Required work => From the data below, repeat exactly the lines from the line with "green beans in" to the line with "Fotografía empty basement", both included.
(Data listing Opens)
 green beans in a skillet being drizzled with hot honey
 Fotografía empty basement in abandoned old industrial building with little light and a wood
(Data listing Closes)
(Data listing Opens)
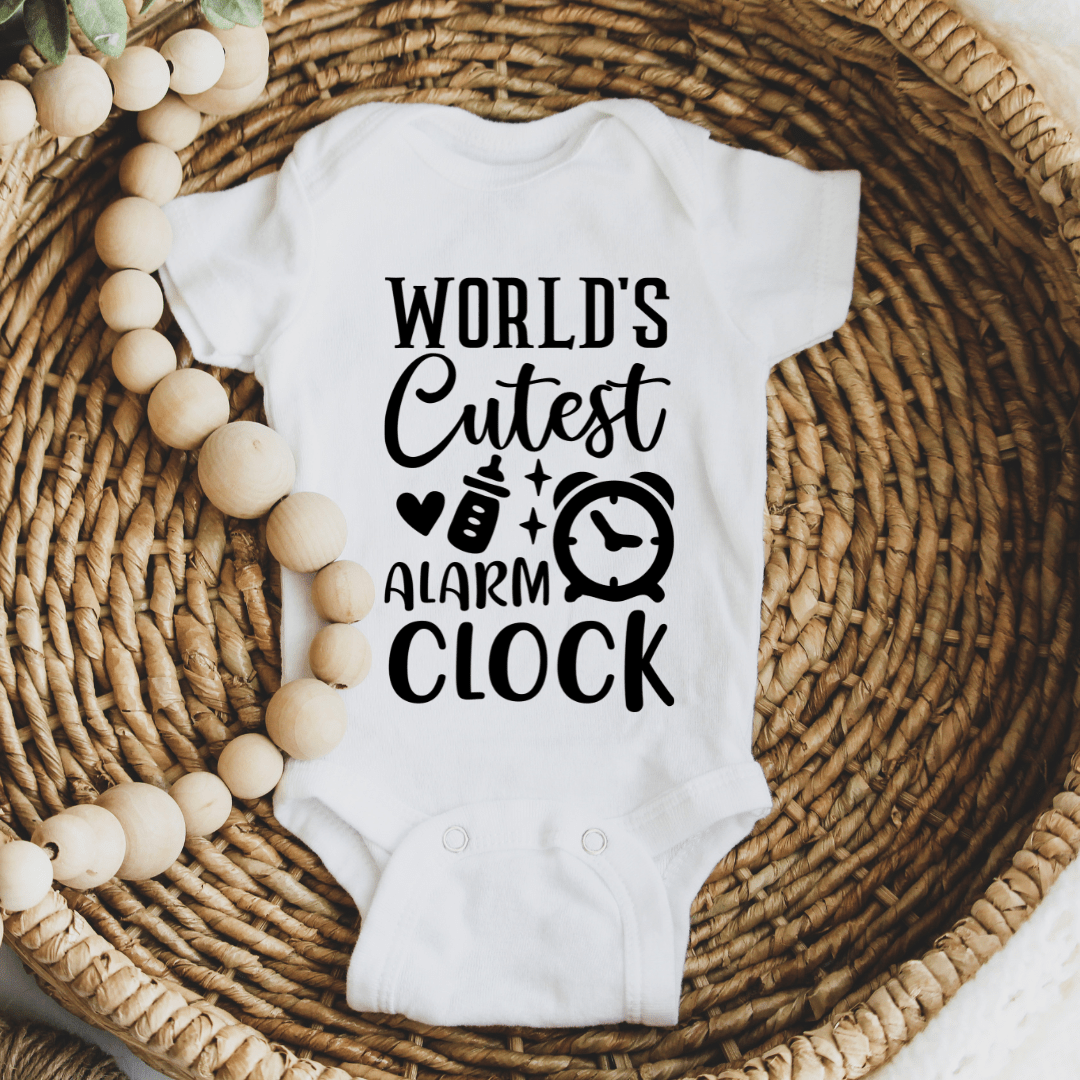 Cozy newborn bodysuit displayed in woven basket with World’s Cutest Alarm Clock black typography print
(Data listing Closes)
(Data listing Opens)
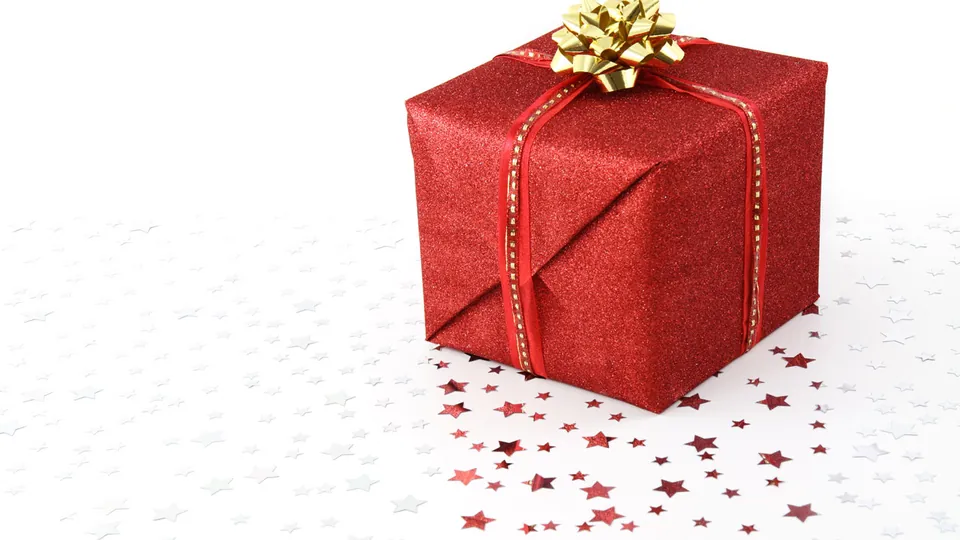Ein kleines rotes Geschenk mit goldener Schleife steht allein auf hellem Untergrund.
(Data listing Closes)
Answer to the exercise =>
 green beans in a skillet being drizzled with hot honey
 Fotografía empty basement in abandoned old industrial building with little light and a wood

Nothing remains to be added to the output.